Thanks Yvonne! Stay up to date with the work of The Ubele Initiative CIC via Twitter @ubeleinitiative.
Trustee of the Month - Linda McCord, Babylon Arts
Babylon Arts is an arts venue and charity (registered as ADEC, Arts Development in East Cambridgeshire), based in Ely. The organisation’s mission is to develop creativity and connect communities with art and culture. It achieves this by offering support for community groups, direct promotion of arts events, and arts-based project activity, in particular with young people and rural communities.
Linda told us about her role as Trustee:
“Being a trustee of Babylon Arts is very rewarding due to the breath of art and culture that the organisation delivers, enriching people’s lives. This is enhanced through working with really committed and enthusiastic staff and trustees. I have long admired what Babylon Arts does for the community and really enjoy being part of the board who consider and set the strategic direction of the organisation, to continue doing so.”
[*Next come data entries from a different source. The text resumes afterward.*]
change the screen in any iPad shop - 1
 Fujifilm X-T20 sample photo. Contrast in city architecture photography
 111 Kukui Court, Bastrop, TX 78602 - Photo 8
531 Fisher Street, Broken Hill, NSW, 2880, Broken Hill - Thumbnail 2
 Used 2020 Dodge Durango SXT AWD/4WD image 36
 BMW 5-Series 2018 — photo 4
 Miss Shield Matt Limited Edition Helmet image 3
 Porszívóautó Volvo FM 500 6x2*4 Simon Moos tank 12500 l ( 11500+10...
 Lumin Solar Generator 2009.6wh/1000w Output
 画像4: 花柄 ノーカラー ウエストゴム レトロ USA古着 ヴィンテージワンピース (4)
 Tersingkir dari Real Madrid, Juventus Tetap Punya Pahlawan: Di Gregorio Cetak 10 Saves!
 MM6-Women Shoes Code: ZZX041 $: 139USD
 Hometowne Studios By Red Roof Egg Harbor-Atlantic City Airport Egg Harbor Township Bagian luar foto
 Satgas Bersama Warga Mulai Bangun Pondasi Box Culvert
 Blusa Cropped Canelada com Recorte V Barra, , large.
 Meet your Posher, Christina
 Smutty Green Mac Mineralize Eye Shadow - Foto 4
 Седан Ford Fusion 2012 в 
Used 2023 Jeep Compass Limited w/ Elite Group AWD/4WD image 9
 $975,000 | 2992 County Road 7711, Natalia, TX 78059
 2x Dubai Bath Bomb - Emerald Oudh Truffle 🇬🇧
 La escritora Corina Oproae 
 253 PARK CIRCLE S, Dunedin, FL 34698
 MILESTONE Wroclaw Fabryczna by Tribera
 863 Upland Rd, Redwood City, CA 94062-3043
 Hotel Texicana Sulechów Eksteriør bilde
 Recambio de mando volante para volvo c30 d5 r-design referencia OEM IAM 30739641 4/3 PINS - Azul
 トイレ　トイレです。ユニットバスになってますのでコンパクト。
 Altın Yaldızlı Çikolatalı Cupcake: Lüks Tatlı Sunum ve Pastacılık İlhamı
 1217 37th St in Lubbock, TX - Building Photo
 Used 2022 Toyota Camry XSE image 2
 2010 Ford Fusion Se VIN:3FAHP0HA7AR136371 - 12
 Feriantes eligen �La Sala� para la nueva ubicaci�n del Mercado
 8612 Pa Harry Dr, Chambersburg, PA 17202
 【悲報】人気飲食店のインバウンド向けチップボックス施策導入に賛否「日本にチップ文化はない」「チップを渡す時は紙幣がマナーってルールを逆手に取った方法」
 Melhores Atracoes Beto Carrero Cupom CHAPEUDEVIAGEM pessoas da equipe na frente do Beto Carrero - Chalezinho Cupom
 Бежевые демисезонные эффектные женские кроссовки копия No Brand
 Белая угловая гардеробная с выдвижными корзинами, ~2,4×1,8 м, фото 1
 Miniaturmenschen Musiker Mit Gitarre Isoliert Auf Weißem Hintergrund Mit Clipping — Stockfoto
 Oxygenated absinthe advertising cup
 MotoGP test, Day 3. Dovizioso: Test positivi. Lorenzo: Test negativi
She also shared some of the challenges of the role:
“This is not without its challenges though, particularly in a difficult economic environment where many arts organisations are bidding for similar funding. Maintaining a positive attitude and working with staff and fellow trustees to innovate and consider new ideas is vital.”
Finally, she shared her advice for prospective trustees:
“There is a time commitment to being a trustee, so my key advice to anyone considering the role is to take time to find an organisation that you admire and would enjoy being part of.”